Sensitivity analysis: The formulated optimum plans were subjected to sensitivity analysis to enable us chose a particular optimum solution which conforms to the farmers’ production characteristics and resource constraints. The results presented in Table 4 that increasing the area under cultivation by 2 ha resulted in optimum farm income increasing by 80994.82 and x67521.69 representing 87.94 and 54.18% under the limited and borrowed capital situations, respectively.

Table 3:	Net farm income () in the existing and optimum plans

Table 4:	Sensitive analysis of the plans under limited and borrowed capital situations
Computed from survey data, 2006

The increase in revenue was as a result of utilizing those resources that were idle when land posed a constraint to production.

On the part of the 2nd constraint (labour), where average real wage rates were equated with those institutionally determined, the optimized plans increased farm incomes by 57.80 and 18.34% under the limited and borrowed capital situations, respectively. Labour supply is a positive function of real wage. Since wage rates offered in government owned farms are lower than what the farmers pay their farm hands, its supply will be high relative to demand, the only constraint being the farmers ability to pay. These findings are similar to those of Tanko et al. (2006), Adejobi et al. (2003), Dipeolu et al. (2000) and Alam (1994).

CONCLUSION

The results of the study reveals a divergence between the existing and optimum farm plans under limited and borrowed capital situations. More land was allocated to mixed cropping under borrowed capital situation so as to guard against crop failure and ensure repayment of loans. Resources were not optimally allocated and thus, there is room for increasing farm incomes by reallocating the existing resources in an optimal manner.
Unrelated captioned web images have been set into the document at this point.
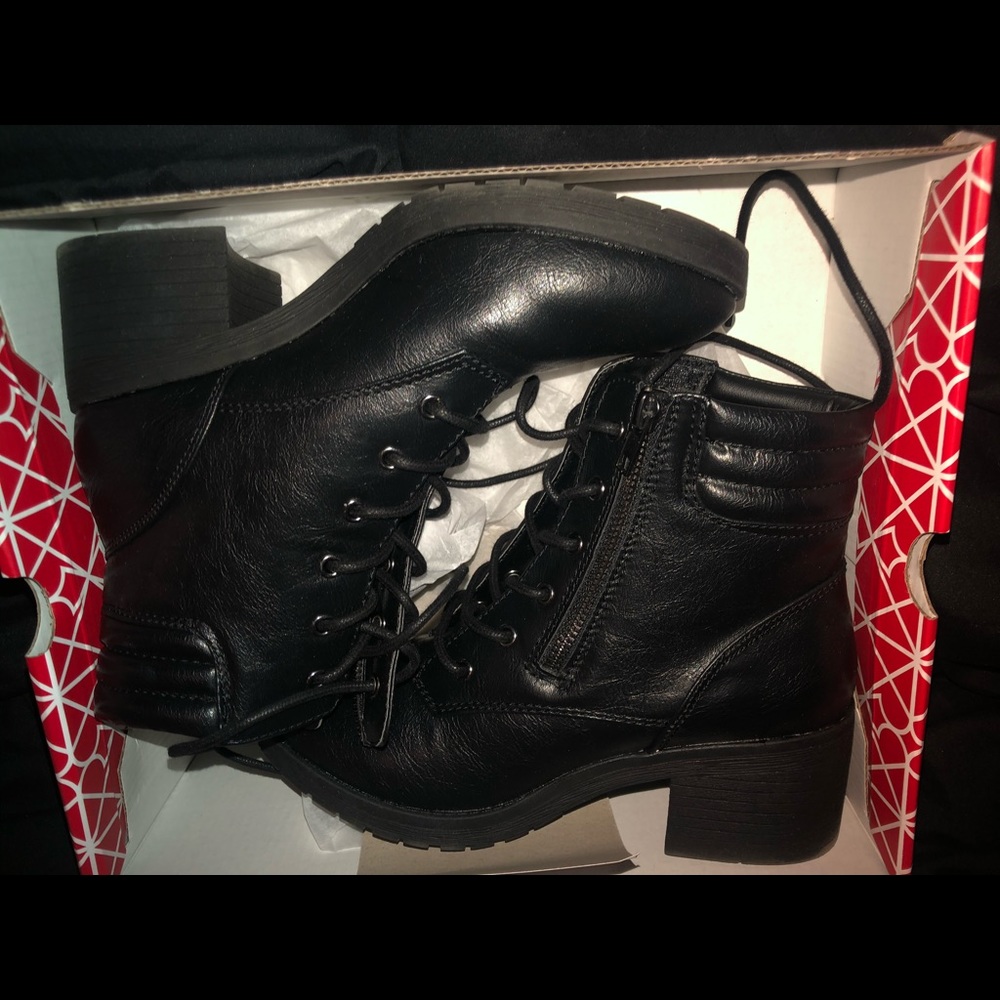 Rampage Boots Size 7 Women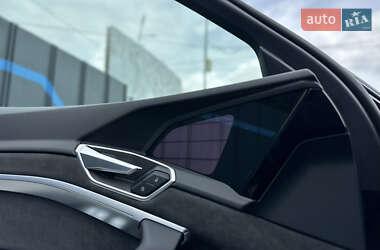 Позашляховик / Кросовер Audi e-tron Sportback 2021 в 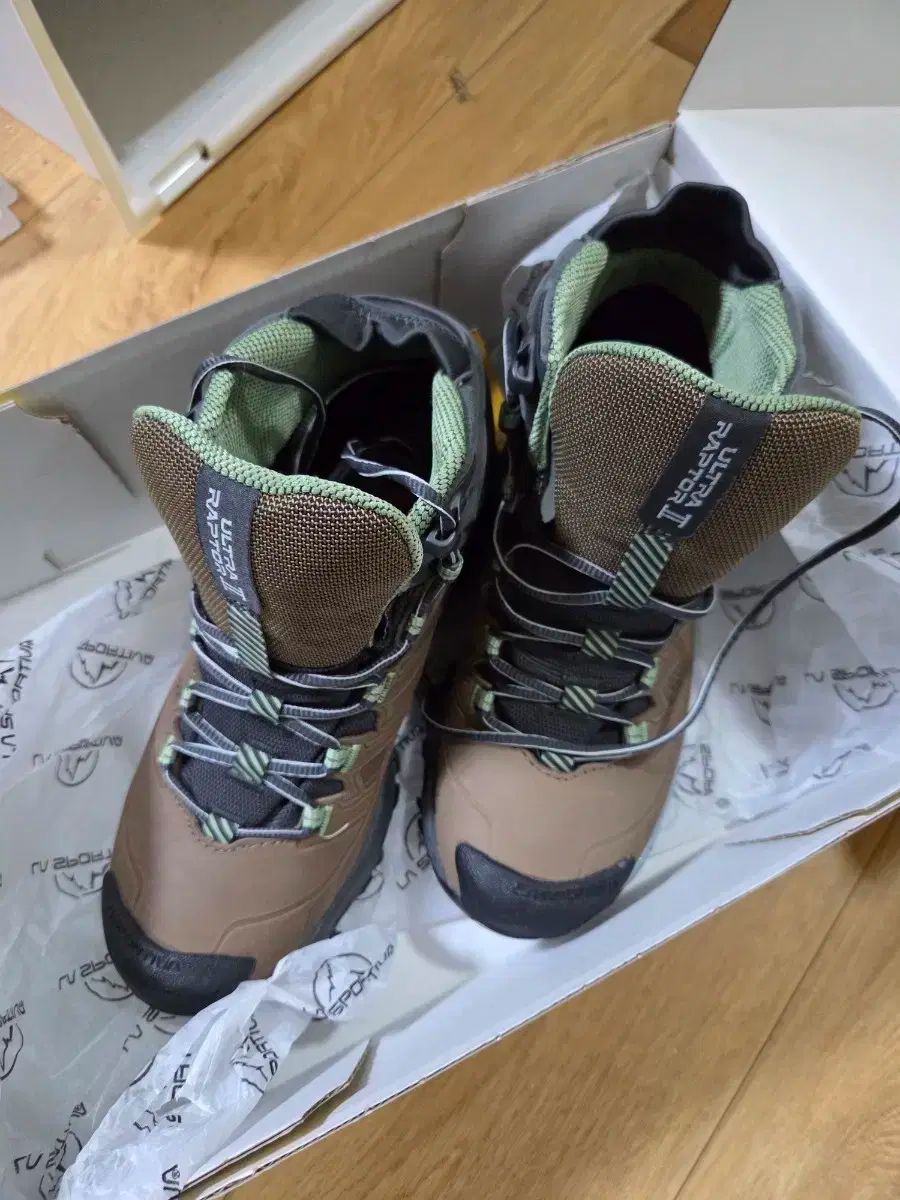 ラ スポルティバ ウルトララブ 2 登山靴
Increasing the area under cultivation resulted in an increase in optimum farm income. More land should be brought under cultivation to optimize farm returns.

Reduction in wages for hired labour led to an increase in optimum farm income indicating that the wages were high. Since, farmers have limited cash to hire labour, agricultural productivity will be low so long as labour hiring is an indispensable component of small scale farming and thus there is need to adequately finance agricultural production.

The number of extension visits was very low, there is need for effective farm advisory services and extension programmes that will educate farmers on efficient allocation of their resources so as to ensure increased outputs and farm income.